Belakangan di media sosial dan berbagai WAG oposisi timbul narasi revolusi. Hal ini tentu ada kaitannya dengan rezim saat ini. Rezim yang dinilai galal dan terus dikritik, namun kian represif juga.
Sudahkah saatnya revolusi terjadi? Belum tentu, bisa jadi fenomena saat ini mengarah kepada Putsch atau makar yang gagal.
Di edisi Revolusi atau Putsch bagian 2 ini, kita akan bicara soal prasyarat revolusi ditinjau dari best practicesnya. Contoh yang diambil adalah revolusi China modern yang dipimpin Dr. Sun Yat Sen, people power Corazon Aquino Filipina, aksi 411 dan 212, dan demo-demo Bawaslu memprotes dugaan kecurangan Pilpres 2019.

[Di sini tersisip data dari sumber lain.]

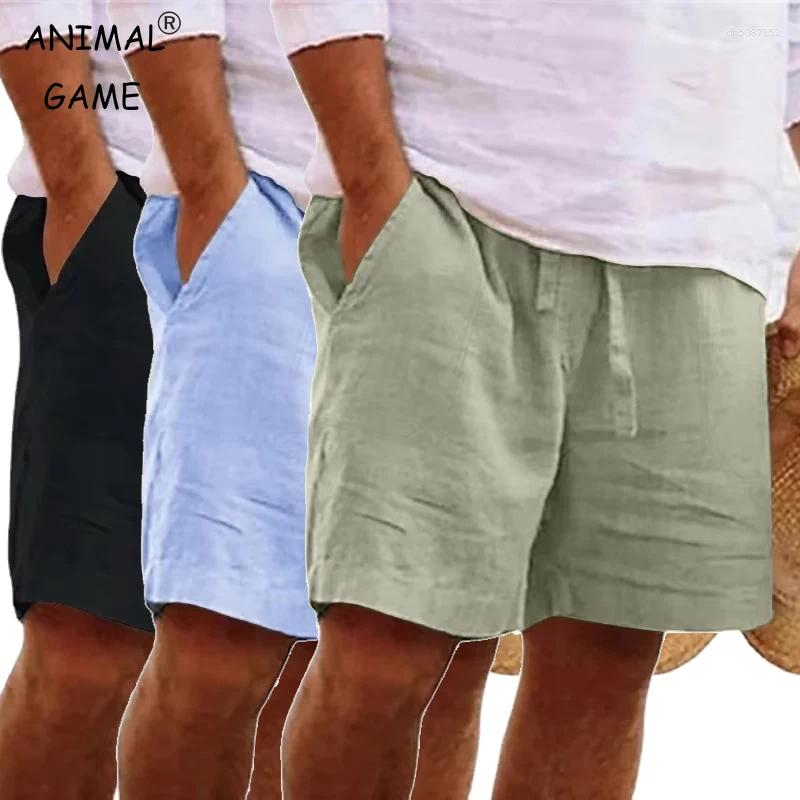 Men's Shorts Mens Cotton Solid Color Beach Short Summer Lightweight Pants Outdoor Large Breathable Homme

Bersama Hendrajit, Direktur Eksekutif Global Future Institute (GFI), pengaji geopolitik yang juga wartawan senior, kali ini kita bahas soal ini, #Revolusi atau #Putsch?
Revolusi umumnya mensyaratkan hadirnya seorang pemimpin kharismatik, berperannya sebuah partai pelopor (avant garde), adanya sebuah elemen ideologi.
Dalam Revolusi Rusia, misalnya, Lenin dan tokoh puncak Partai Komunis mampu menjadi pemimpin yang kharismatik. Revolusi lain yang mengedepankan seorang tokoh, misalnya Fidel Castro di Kuba, Che Guevara di Amerika Selatan, Mao Tse-Tung di Republik Rakyat Tiongkok, Ho Chi Minh di Vietnam, Ayatullah Khomeini di Iran, Corazon Aquino di Filipina ketika Revolusi EDSA, dll.
Nah, jika Anda menganggap, inilah saatnya untuk revolusi, hati-hati, bisa jadi ini Putsch, dan jika gagal, konsekuensinya sungguhlah berat.
Istilah putsch berasal dari kegagalan makar oleh Hitler di 1923. Di tahunitu, Adolf Hitler melakukan suatu kudeta dengan bantuan jendral Ludendorff. Kudeta dilakukan di Munich, lalu diikuti dengan melawan pemerintahan di Berlin. Kudeta itu gagal.